2014年5月末に制御機器メーカーのIDECグループの傘下に入り、16年9月に現在の社名となった。
現在は①ロボット事業②制御システム事業③図書館事業――の3つの分野で、顧客のニーズに合ったさまざまな自動化システムを提供する。
「当社はIDECグループの中では、ロボットに限らずさまざまなシステムを構築する、システムインテグレーションの事業会社との位置付けが強い」と鈴木正敏取締役ロボットシステム事業本部長は説明する。
①のロボット事業は前編で主に取り上げた、協働ロボットを使ったロボットシステムの構築を担う事業だ。
②の制御システム事業は同社の売り上げの中で最もウエートが大きく、制御盤や分電盤、電気配線に使われるワイヤハーネスの設計開発を手掛ける。

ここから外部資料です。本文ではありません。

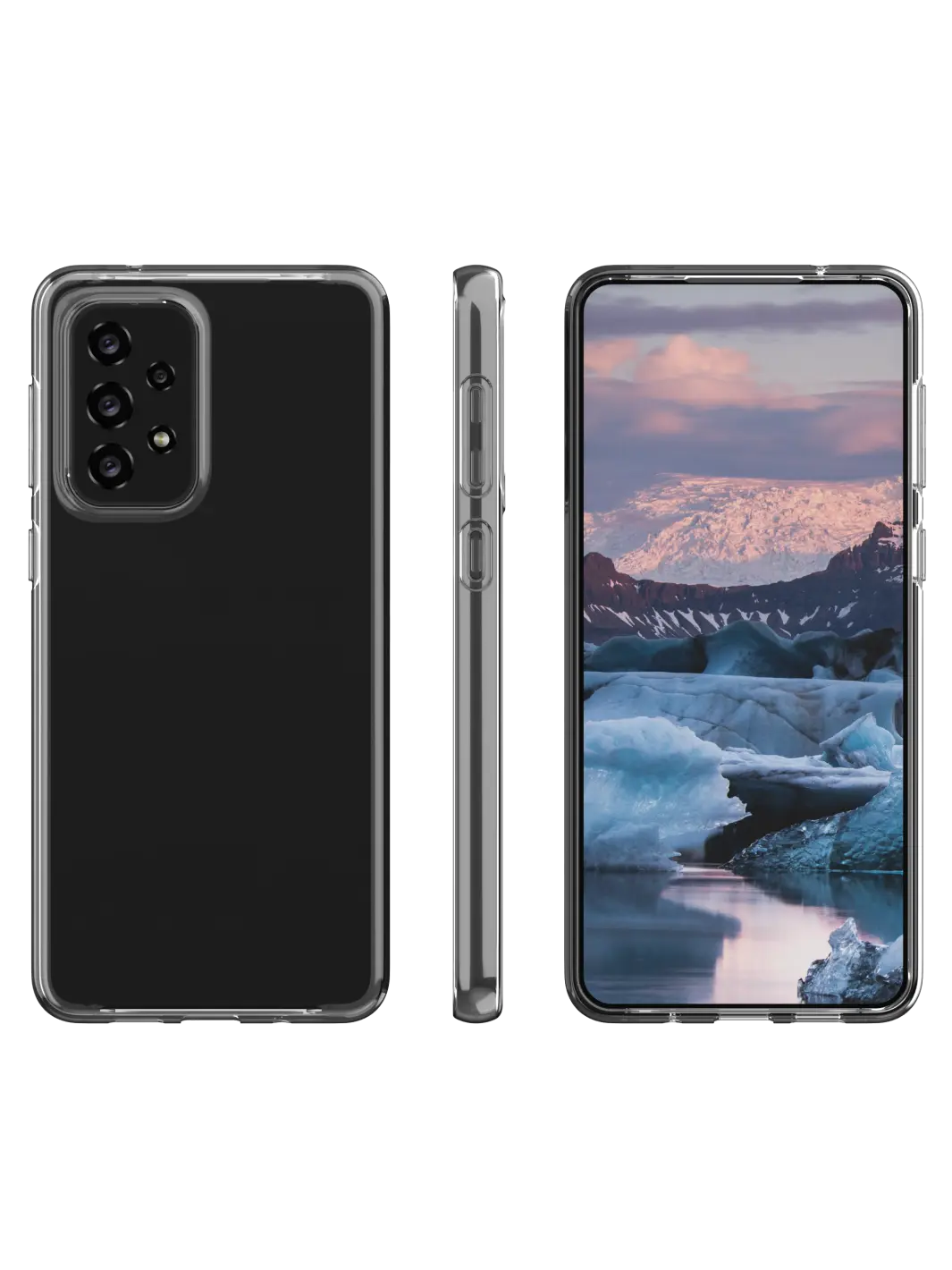 Greenland - Galaxy A33 5G - Clear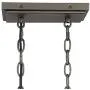 Emile Oiled Rubbed Bronze Large Linear Island Pendant Chandelier 43 1/2'' Wide Farmhouse Industrial Rustic LED 4-Light Fixture for Kitchen Island Dining Room - Franklin Iron Works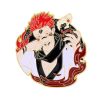 DZ2432 Anime Comic style Cute Jujutsu Kaisen Enamel Pins Gojo Satoru Lapel Pin for Clothes backpacks 2 - Jujutsu Kaisen Store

この他、郵便局の発券システムや回転寿司の注文システムなどの開発実績もある。
③の図書館事業は、大学や公共の図書館を運営する業者に対し、自動貸し出しシステムや入退館の管理システムを構築し納入する事業だ。
協働ロボット×安全=差別化
①のロボット事業は②の制御システム事業の派生形として、14年に同社がIDECグループの傘下に入ってから本格的に立ち上がった。

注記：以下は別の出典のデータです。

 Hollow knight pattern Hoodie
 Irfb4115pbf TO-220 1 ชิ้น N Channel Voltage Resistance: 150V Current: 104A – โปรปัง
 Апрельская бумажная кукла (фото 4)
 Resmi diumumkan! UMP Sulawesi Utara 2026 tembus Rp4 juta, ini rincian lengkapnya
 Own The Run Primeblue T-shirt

ロボットSIerの中では後発組に当たる。競合他社と差別化を図るため、同社が目を付けたのが協働ロボットだった。
協働ロボットは国内では、13年に厚生労働省が産業用ロボットに関わる労働安全衛生規則を一部改訂したことで一気に注目度が高まった。モーターの定格出力が80Wを超える産業用ロボットを使う場合、従来は安全柵で囲う必要があった。しかし、13年の改訂で、適切なリスクアセスメント(リスクの分析と対処)を講じれば80W以上の産業用ロボットでも安全柵なしで人と一緒に働けるようになった。
鈴木取締役は「安全柵を外すにはリスクアセスメントが必須だが、産業用ロボットメーカーやSIerはこれまで安全柵で囲った状態でロボットシステムを提供してきた。新しい安全方策への適応はハードルが高い」と述べる。

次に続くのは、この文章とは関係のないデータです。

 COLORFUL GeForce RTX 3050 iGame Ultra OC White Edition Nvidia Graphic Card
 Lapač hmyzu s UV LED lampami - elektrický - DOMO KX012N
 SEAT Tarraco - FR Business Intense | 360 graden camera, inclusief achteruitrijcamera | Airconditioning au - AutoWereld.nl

一方、同社は親会社にIDECを持つ。IDECは制御機器だけではなく、各種安全スイッチや非常停止用スイッチなどの安全機器も製造する。さらに、安全に関するセミナーやコンサルティング事業も手掛け、製造現場のリスクアセスメントに長けている。
「協働ロボットという新しい自動化ソリューションと、IDECが持つ安全技術の強みを生かせば競合他社と差別化できる。そう考え、協働ロボットに特化した事業を始めた」と鈴木取締役は語る。